Can your lifestyle lead to diabetes?
Posted on 6 November 2018
Type 2 diabetes can be treated when diagnosed early. If left untreated, warns Mediclinic Vergelegen endocrinologist Dr Elmo Pretorius, it can lead to kidney damage, heart disease and even stroke.
“Diabetes is a silent disease,” says Dr Pretorius. “You may not know you have it or think it’s not serious. But in the background, it’s causing damage to your blood vessels, and that can lead to a heart attack, stroke, renal failure, blindness – you could even lose a limb.”
When you eat or drink, your pancreas produces a hormone known as insulin to break food down into energy. When you have diabetes, your body is unable to produce enough insulin. The result: the sugar in your blood rises, uncontrolled, even as your cells are starved of energy.
“Your blood vessels have a non-stick coating,” Dr Pretorius explains. “Certain factors erode that coating, such as smoking and high blood pressure. Glucose is one of those factors. In that case, without the protective layer, things like cholesterol and platelets then become stuck to the lining of these blood vessels, and cause blockages.”
The bigger the vessel, the bigger the problem. While tiny vessels in the eye, for example, can lead to blindness, blockages in larger vessels that lead to the heart and brain can cause heart attacks and stroke.
Change your lifestyle
“The first thing we would do is investigate how we have arrived at this point,” Dr Pretorius explains. “Diabetes is largely a genetic malfunction, caused when you inherit poor pancreatic function. But what happens is that you then acquire obesity as you grow up.”

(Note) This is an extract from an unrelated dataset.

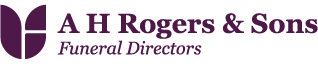 A H Rogers & Sons Funeral Directors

Early detection is crucial. “If we catch the disease too late, you may already have damage to your pancreas and organs – then it becomes a lot trickier. But if we pick it up early, we can reverse the poor lifestyle decisions that have led to being overweight, and in 90% of cases, we can cure diabetes.”

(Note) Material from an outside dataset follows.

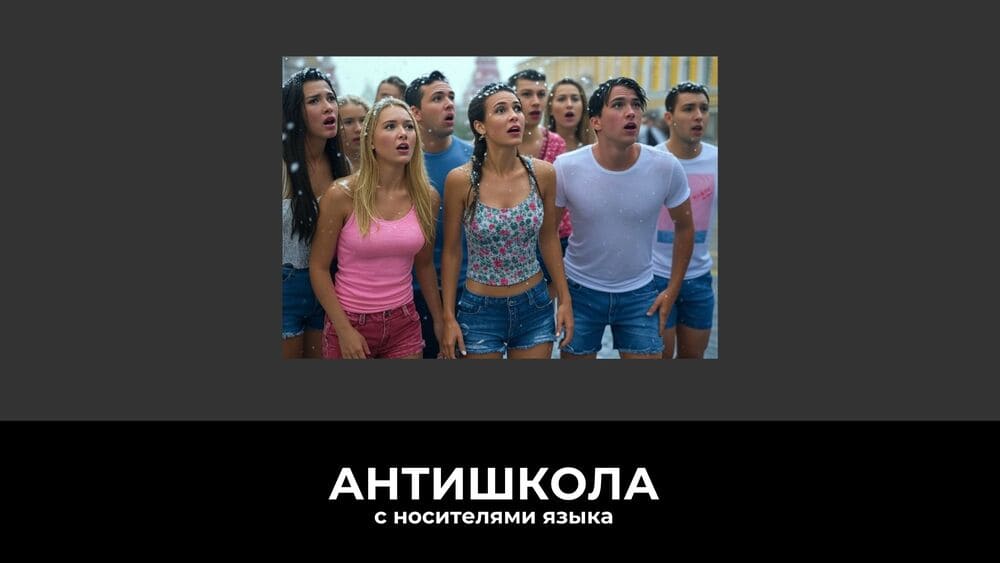 Снег в мае: как Москва встречает Первомай под снежным одеялом и что об этом говорят на разных языках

Bariatric surgery is a proven rapid weight-loss option for people who are suffering from morbid obesity. But lifestyle change is the cornerstone of type 2 diabetes management.
Dr Pretorius says most of his patients are proactive and motivated to change their lives in order to cure the condition, and he has many success stories. “It can be tough for people to change a lifetime of bad habits, but most diabetic patients are only diagnosed once they have had a heart attack or stroke, or are suffering from renal failure,” he says. “The average diabetic, by the time they are diagnosed, has had the disease for 10 years.”
Calories, not sugar
Prevention, in this case, a lot more effective than treatment. “Most medications for diabetes are designed to reduce the damage being done to blood vessels and organs, Dr Pretorius says. “This is damage control – not curative.”
Diet is the crux of this matter, he explains. Contrary to popular belief, diabetes is not a condition caused by sugar. “Diabetes is a disease caused by abdominal obesity. In that sense, it is about excess calories – whatever food you eat, sugary or not, could lead to diabetes if you eat too much.”
This is simple mathematics, Dr Pretorius says. “Diabetes is not a question of your diet. Are you taking in the energy content you need or less? Or are you taking in more calories than you need? Regularly taking in unnecessary calories, that your body doesn’t need, will lead to weight gain.”
Diet does play a role in the effect it has on the mind. “We know people find it difficult to gauge the number of calories on their plate, particularly white starches, like potatoes, rice and bread. We find people tend to overeat these ingredients, and these foods are very high in calories.”
The browner the carbohydrate, the better
Choosing low-glycaemic index foods, such as whole grains, is not so much a health decision as a fullness factor, he says. “Kilo for kilo, these will help you feel fuller for longer, without taking in too many excess calories,” says Dr Pretorius.
The next time you examine the back of a produce packet in the supermarket, pay special attention to the energy content. “I always tell my patients, the browner the carbohydrate, the better. And the lower the glycaemic index, the better. But total calories are the important part.”
Diet vs. exercise
While diet is an important factor in keeping weight under control, exercise plays a key role in helping to manage the effects of diabetes once it has been diagnosed. “As a way to lose weight, exercise is energy inefficient – it takes a huge amount of movement to lose the necessary weight, whereas dietary changes are a lot more effective,” says Dr Pretorius. “But exercise does make the muscles more sensitive to insulin. This helps them to use glucose to produce energy, and not fat. It also drops blood pressure and improves cholesterol.”
Dr Pretorius says patients who are struggling to lose weight may feel despondent if they focus too hard on exercise alone as a weight-loss technique. “It is a lot of work for people who aren’t used to it, and you don’t get the same calorie-deficit rewards as with dietary changes. But for those who already have confirmed diabetes, exercise is vital.”
The best part: “We’re not talking about major exercise. I’m not asking people to run 100 kilometres. Just half an hour of brisk walking is all it takes.”